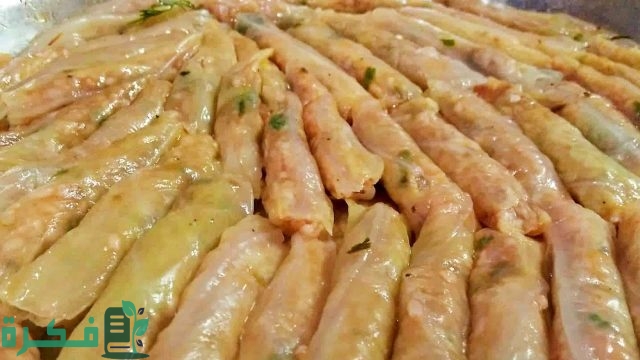 تكات للمحشي جديدة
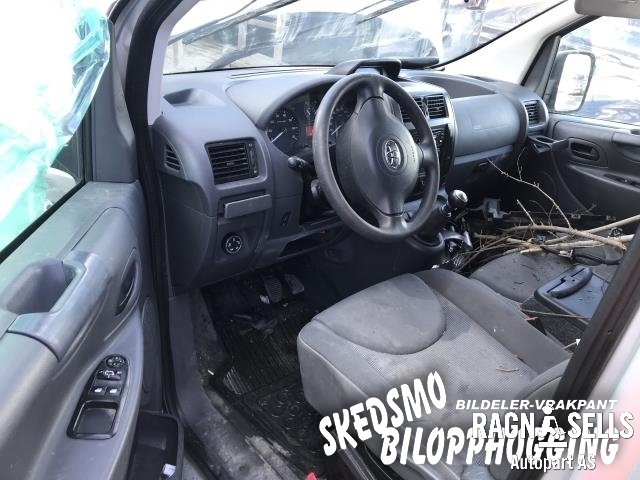 Toyota Proace 2013-2016 (Type I) , Motorkode: RH02, Girkassekode: 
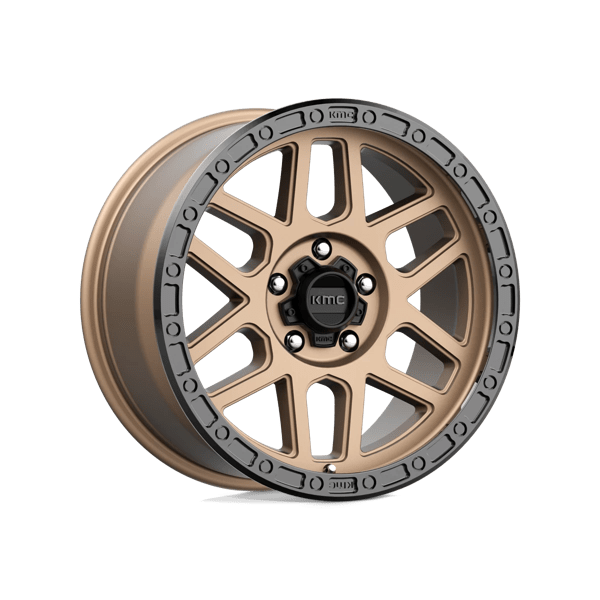Jante Aluminium KMC KM544 MESA Bronze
===============
→ **Your assignment**
Write out the data above exactly as it appears, but without any image.

→ **Completed exercise**
 تكات للمحشي جديدة
 Toyota Proace 2013-2016 (Type I) , Motorkode: RH02, Girkassekode: 
Jante Aluminium KMC KM544 MESA Bronze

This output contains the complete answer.